**PROBLEM REQUIREMENTS:**
What is needed is an exact reproduction of the lines in the records below, starting at the line with "Tarta Asturiana de" and ending at the line with "20 free no deposit casino uk 2022", both included, and nothing else; pictures stay out.

(Short web captions)
"""

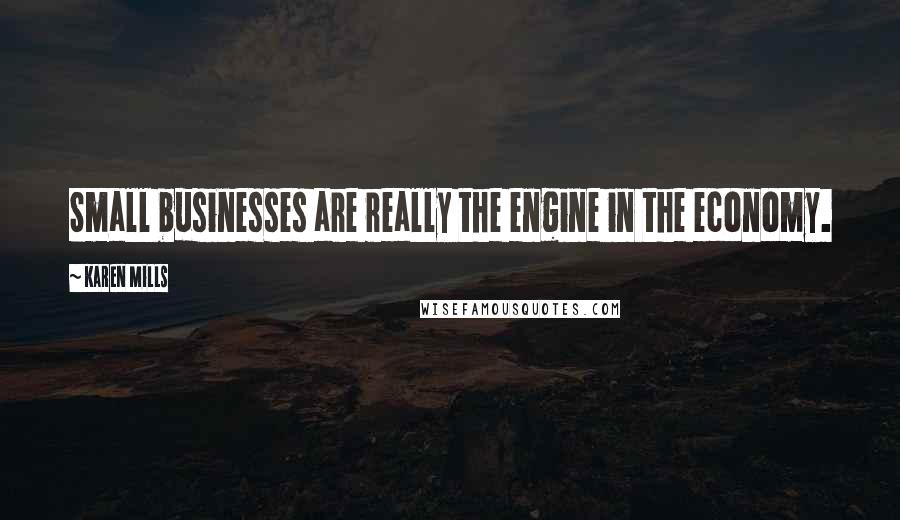 Karen Mills Quotes: Small businesses are really the engine in the economy.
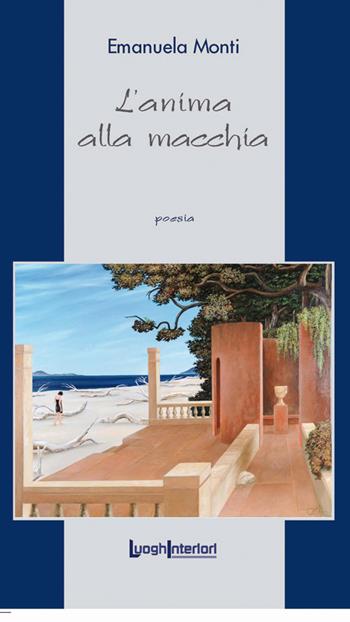 L'anima alla macchia - Emanuela Monti - Libro LuoghInteriori 2019, La coda dell'occhio | Libraccio.it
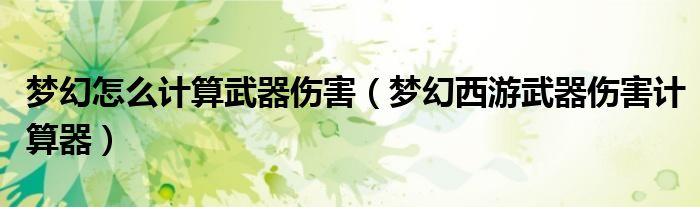 梦幻怎么计算武器伤害(梦幻西游武器伤害计算器)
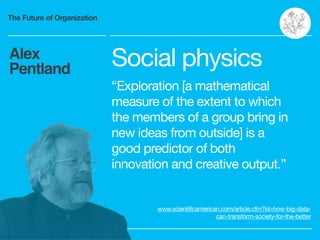 The Future of Organization
Alex
Pentland Social physics

“Exploration [a mathematical
measure of the extent to which
the m...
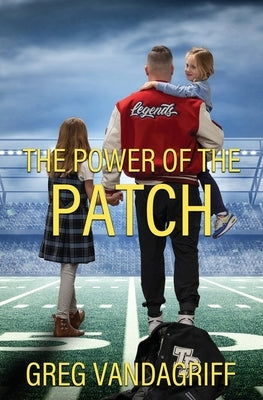 The Power of the Patch by Vandagriff, Greg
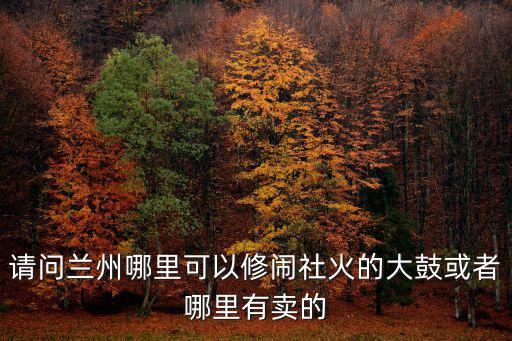 請問蘭州哪里可以修鬧社火的大鼓或者哪里有賣的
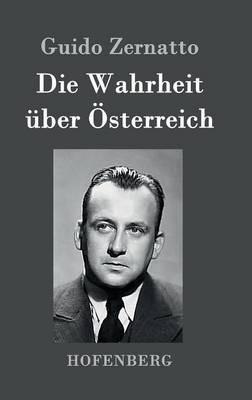 Die Wahrheit über Österreich - Guido Zernatto - cover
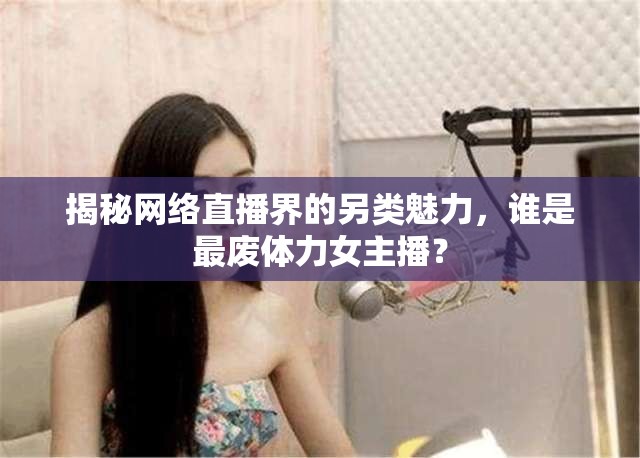 揭秘網絡直播界的另類魅力，誰是最廢體力女主播？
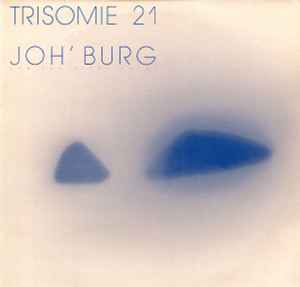 Joh' Burg And Two Other Songs - Trisomie 21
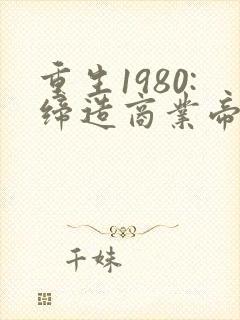 重生1980:缔造商业帝国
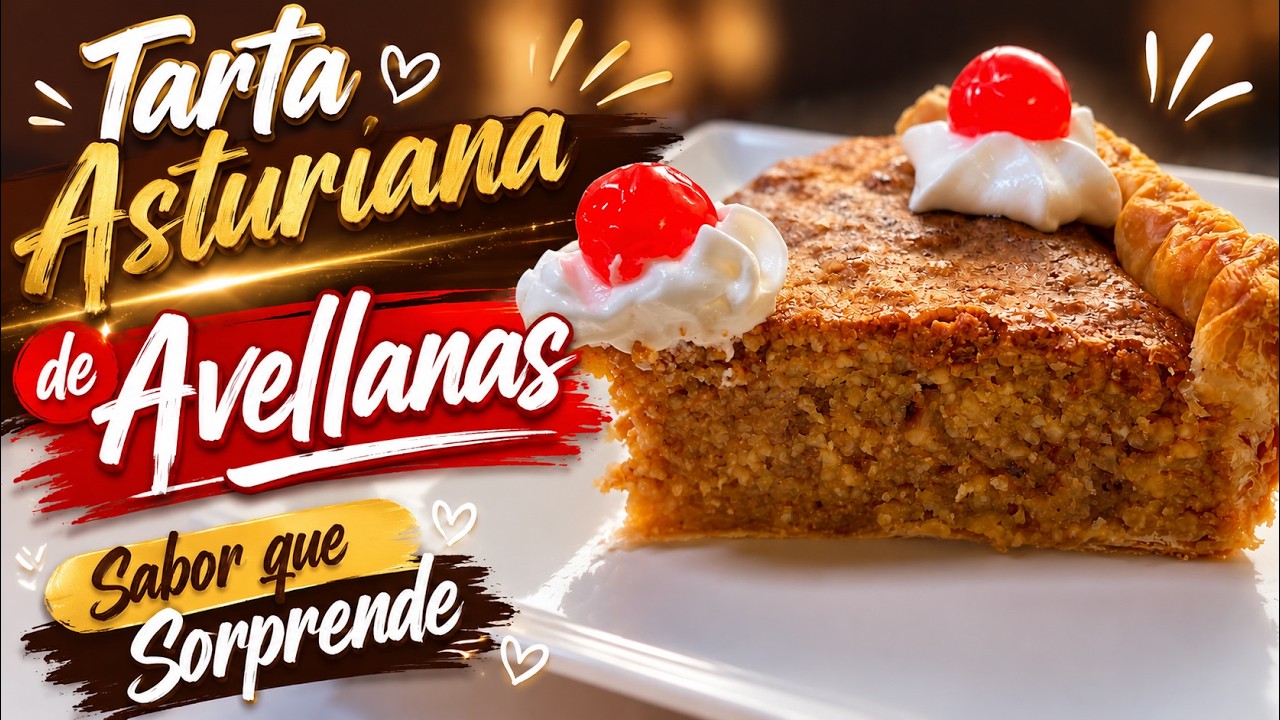 Tarta Asturiana de Avellanas. Sabor que Sorprende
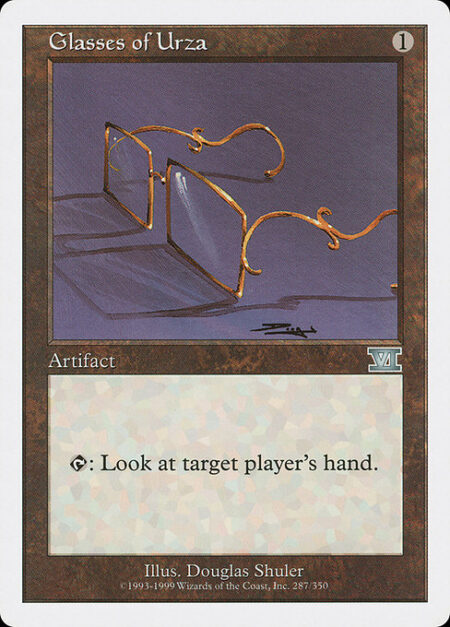 Glasses of Urza - {T}: Look at target player's hand.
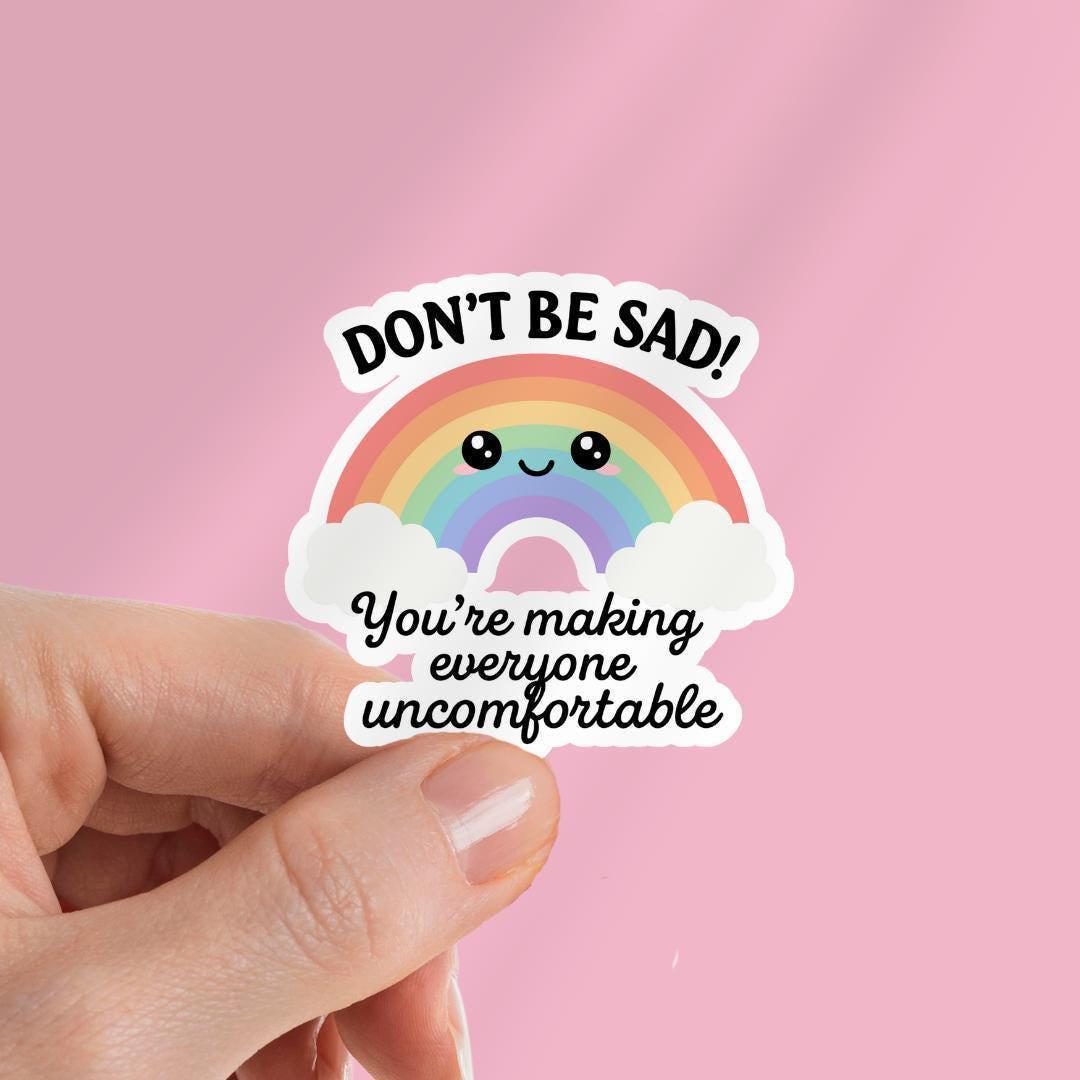 Funny Anti-Social Meme Sticker: Don't Be Sad Vinyl Decal sticker by Magic & Meaning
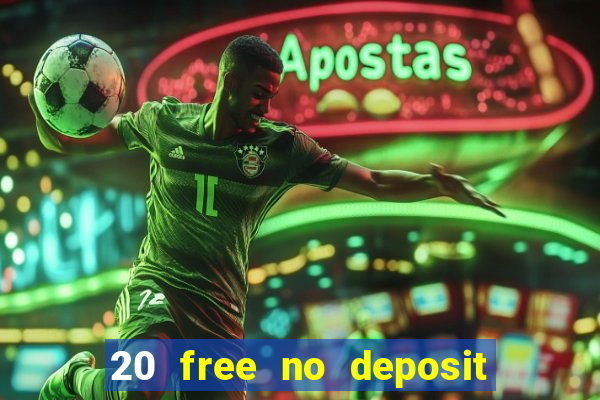 20 free no deposit casino uk 2022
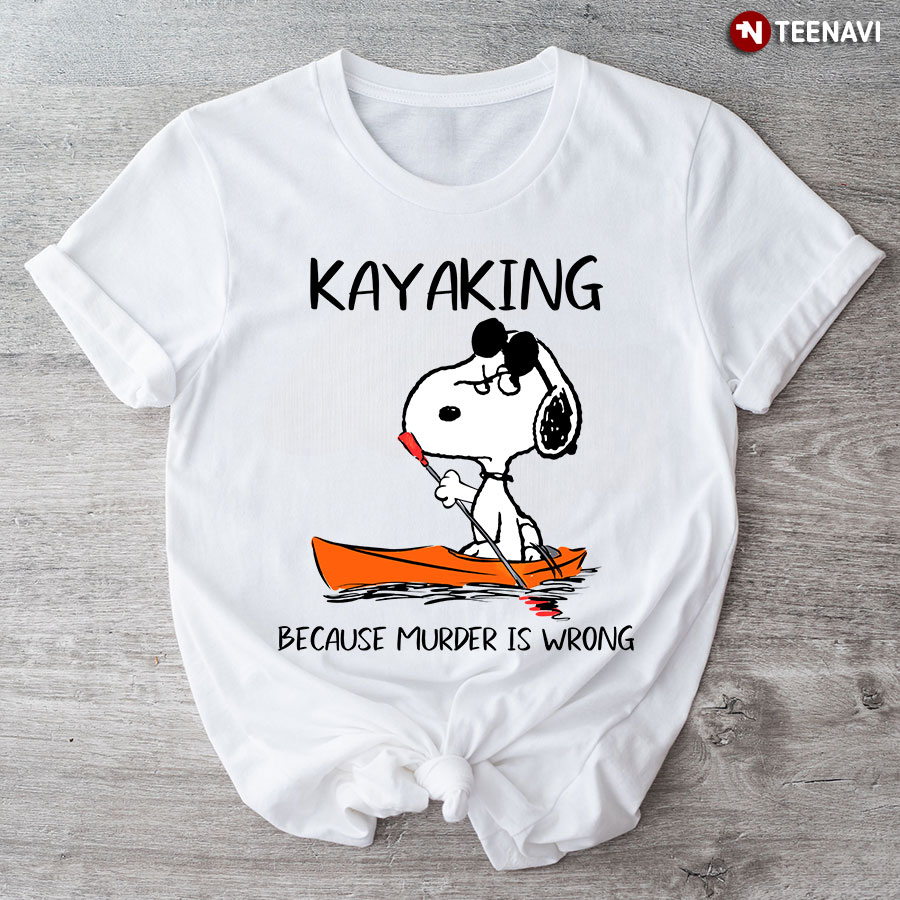 Snoopy Kayaking Because Murder Is Wrong T-Shirt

"""

**OUTPUT BELOW:**
 Tarta Asturiana de Avellanas. Sabor que Sorprende
 Glasses of Urza - {T}: Look at target player's hand.
 Funny Anti-Social Meme Sticker: Don't Be Sad Vinyl Decal sticker by Magic & Meaning
 20 free no deposit casino uk 2022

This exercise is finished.